Mooning Big Papi? Stay Classy Yankee Fans
David Ortiz is having a great farewell season as the Red Sox battle for a playoff birth. Big Papi has been getting special ceremonies and gifts from many major league baseball teams during his final season. Fans all across the country have been showing their respect for David Ortiz, but then there are Yankee fans.
There is a website called moonbigpapi.com, that is asking for 50,000 fans to moon David Ortiz when the Red Sox play the Yankees in New York on September 29th.
I'm not sure if they are serious or if this is all in jest. Here are what they are hoping to accomplish.
'Fifty thousand moons.
Yes, moons! We're not talking about celestial bodies. We're talking about the idiotic, immature, sophomoric and utterly crude display of hostility that is commonly known as "mooning." It requires two physical movements.

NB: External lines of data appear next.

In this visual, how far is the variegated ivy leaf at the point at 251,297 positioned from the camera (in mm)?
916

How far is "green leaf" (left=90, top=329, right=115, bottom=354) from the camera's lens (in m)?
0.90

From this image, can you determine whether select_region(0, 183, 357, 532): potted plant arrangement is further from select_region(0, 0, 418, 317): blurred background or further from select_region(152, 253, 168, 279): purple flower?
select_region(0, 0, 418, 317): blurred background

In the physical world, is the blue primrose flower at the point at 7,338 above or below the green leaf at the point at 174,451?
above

A fan turns his/her posterior to the person or thing being mooned.
He/she drops trow for five to ten seconds, signifying the span of time it takes Big Papi to run to first base.

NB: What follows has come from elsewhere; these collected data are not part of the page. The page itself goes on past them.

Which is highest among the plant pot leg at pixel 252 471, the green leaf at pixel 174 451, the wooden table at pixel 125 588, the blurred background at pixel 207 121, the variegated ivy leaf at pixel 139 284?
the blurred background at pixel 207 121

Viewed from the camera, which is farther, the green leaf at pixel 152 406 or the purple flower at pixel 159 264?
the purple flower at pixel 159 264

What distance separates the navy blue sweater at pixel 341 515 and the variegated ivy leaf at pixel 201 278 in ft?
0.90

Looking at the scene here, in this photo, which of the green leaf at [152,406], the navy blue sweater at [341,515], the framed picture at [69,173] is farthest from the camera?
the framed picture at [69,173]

Fifty thousand full moons.
Imagine David Ortiz's great surprise as his Yankee Stadium tribute abruptly turns into an avalanche of red-cheeked butts. (In a perfect world, each bun would have a hypodermic needle poking from it, commemorating Papi's rise to greatness.) Imagine the moment, caught for posterity - or "posterior-ity" - the greatest mass mooning since - well - Moonies!